The valve goes wherever it is convenient to use it, REGARDLESS of how high or low the spout is, even though it may be directly below the valve.
Real world: Like most other construction details, placement of valves/spouts is a compromise between user convenience and installer convenience (and the buyer's willingness to pay for the installer's inconvenience), with some technical limits thrown in.
There's a risk to sweeping generalizations like "anywhere", "always" or "never".
There's also a risk (to health) of taking everything as seriously as a heart attack, ignoring clear signs of levity to do so!

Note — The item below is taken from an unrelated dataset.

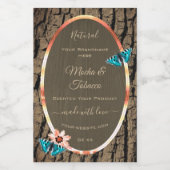 Donkerbruine houten korrels, vlekvaten voedselcontainer etiket (Enkel label)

If the problem is interference between the trim ring and spout because the original valve and spout are too close together, then moving the valve is going to necessitate more tile work than putting the valve in the original location and lowering the spout. Obviously we are working blind and just guessing WHY he said the lines had to be modified.
08-18-2009, 10:25 AM
My question is related to this. I have a three handle tub/shower fixture that I want to replace with a pressure balanced shower with a diverter. The three handles sit about 7 inches above the tub and above the tub faucet. If I have a pressure balanced shower control installed at a convenient point for when standing in the tub, what do I use to cover the three holes that will be left from the old system and do I risk tiles being cracked when drilling the new hole?
Also, if I have to remove the tub faucet to replace it with one with a diverter, is there likely to be significant damage to the tiles?
I understand that I can install a new three handle fixture (because there was already one there). This is a rental house so maybe that's my best option (and cheaper), but temperature control is really the issue.
Thanks for any advice you can give.
08-18-2009, 12:45 PM
This Old House did a show on exactly this, and you may be able to watch it on their site. You can get a remodel plate that will cover the bigger hole. Only gotcha is it is fairly big...you may need to verify you'll still have room to mount the tub spout.
Typically, you can remove the spout without damaging the tile. They come in two general types: screw-on, and slide-on. If there is a set screw on the bottom, loosen it and pull it off. If it is solid, then it is screwed on...stick a screw driver handle in the spout and unscrew. You'll need to cut any caulk first, or it will be hard or impossible to take off.